Advertisement
If you have a new account but are having problems posting or verifying your account, please email us on hello@boards.ie for help. Thanks :)
Hello all! Please ensure that you are posting a new thread or question in the appropriate forum. The Feedback forum is overwhelmed with questions that are having to be moved elsewhere. If you need help to verify your account contact hello@boards.ie

Communists.

Options
1111213141517»

Comments

  • Closed Accounts Posts: 631 ✭✭✭Joycey


    silverharp wrote: »
    I agree with the sentiments. A free market would let us have a more diverse educational system. We were all in a class where at least 5 or more out of the 30 had no place being there. Had the parents a choice they would have sent them to a school with a completely different focus.


    But if we leave the markets, an institution of capitalism, to self-manage, then we end up with each commodity, of which education is now an example, being manufactured and sold in a way which maximises the propagation, continuation and growth of the overall system.

    This is precisely the mechanism he talks about when he mentions the development of public education coinciding exactly with the necessity within the system to cultivate workers so that the industrial revolution may continue.
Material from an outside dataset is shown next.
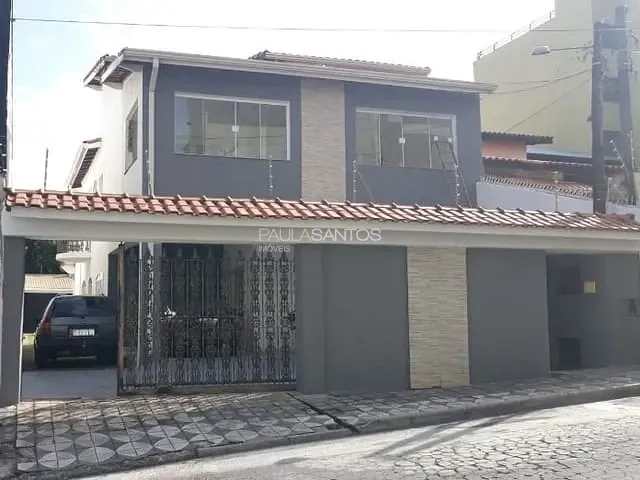 Casa com 400m² 4 quartos e 2 banheiros, à venda, no bairro Vila Jardini em Sorocaba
Under a free market system you wont get much and varied sorts of schooling/classes, you will probably lose even more of the arts, most especially stuff like dance and drama, which have next to no commercial value in comparison to, say, maths or languages.

    How could you fail to see that in what your man was saying?


    Heres another one of those TED talks things, I read this guys book ages ago, pretty lightweight but v interesting and really easy to read:

    http://www.youtube.com/watch?v=LTO_dZUvbJA&feature=channel

    (It is relevant to the thread BTW, talks about how unlimited choice is bad)

    and another one talking about very similar issues. Id like to hear free-marketers respond to these claims, ye cant just dismiss them anyway, ye either need to incorporate this knowledge into yer conceptions of the way society should be organised or change yer views...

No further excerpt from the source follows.